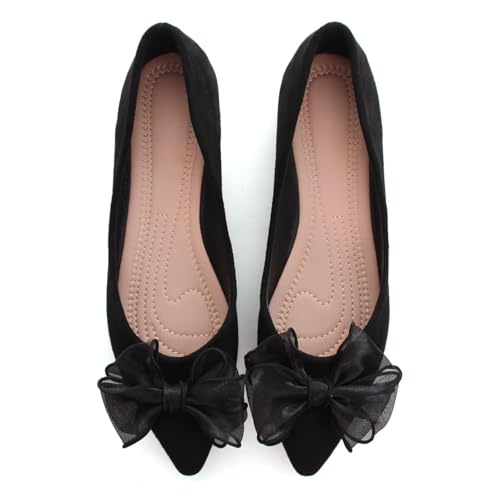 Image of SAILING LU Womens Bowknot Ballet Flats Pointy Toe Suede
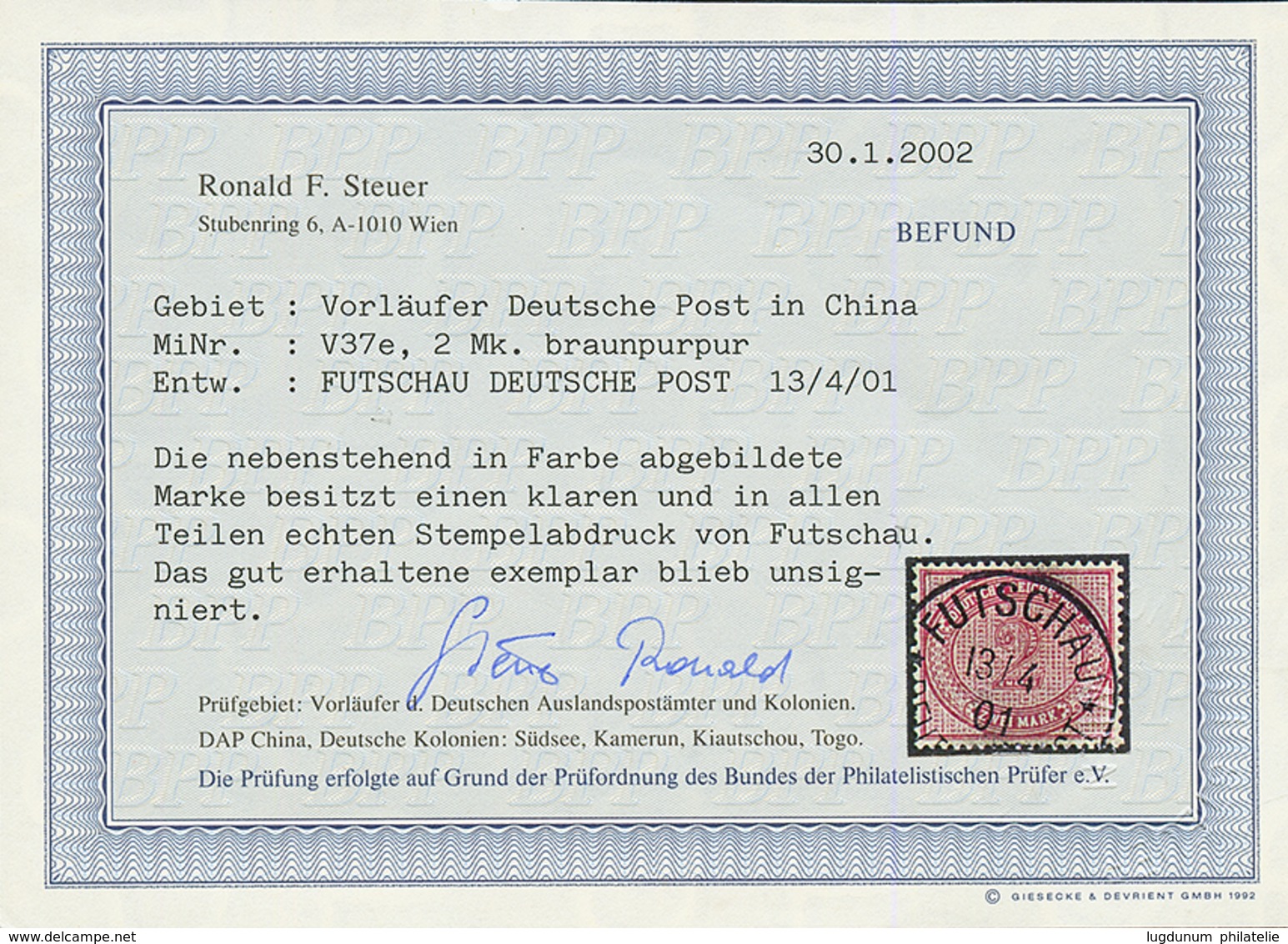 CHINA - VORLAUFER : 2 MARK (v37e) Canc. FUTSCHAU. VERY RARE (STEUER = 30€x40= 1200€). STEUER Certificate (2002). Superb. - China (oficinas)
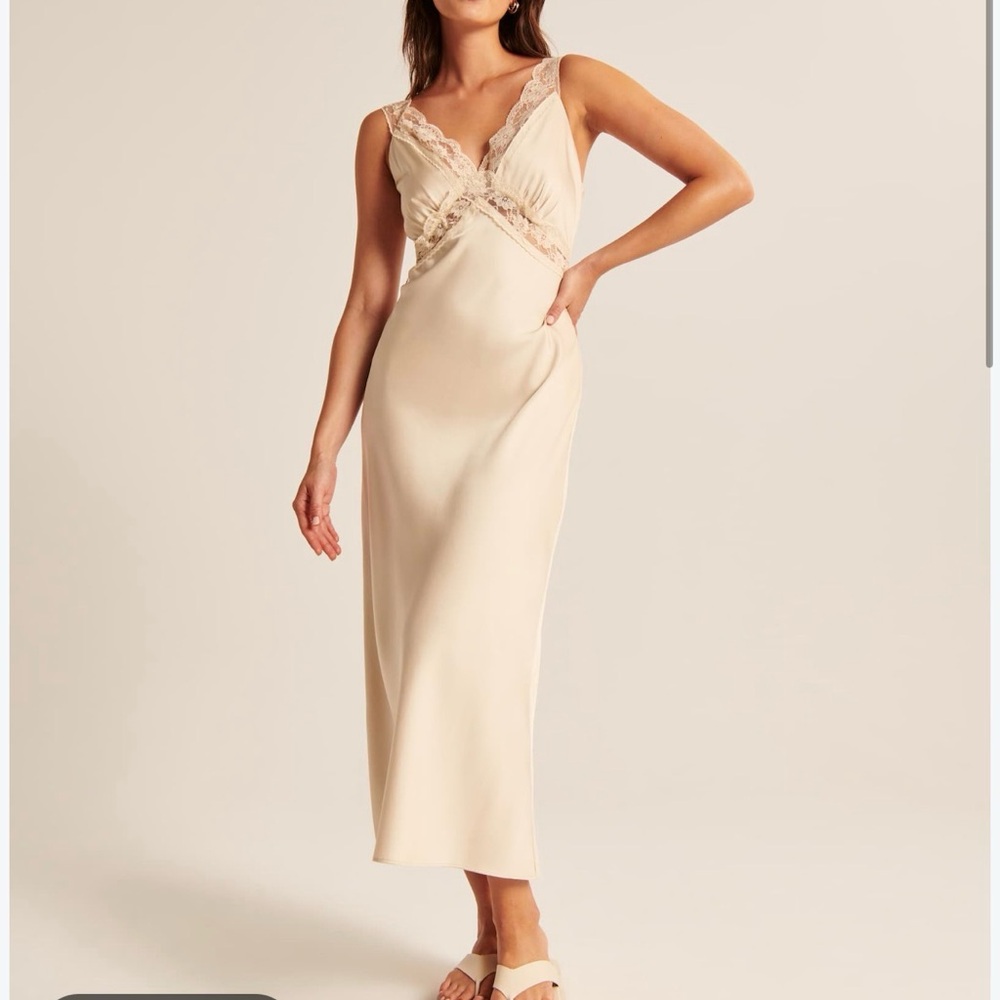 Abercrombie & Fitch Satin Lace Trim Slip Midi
+ + + +
# REQUIRED WORK
Only the pictures stay out; everything else in the listing above must be repeated exactly.

# YOUR SOLUTION
 Image of SAILING LU Womens Bowknot Ballet Flats Pointy Toe Suede
 CHINA - VORLAUFER : 2 MARK (v37e) Canc. FUTSCHAU. VERY RARE (STEUER = 30€x40= 1200€). STEUER Certificate (2002). Superb. - China (oficinas)
 Abercrombie & Fitch Satin Lace Trim Slip Midi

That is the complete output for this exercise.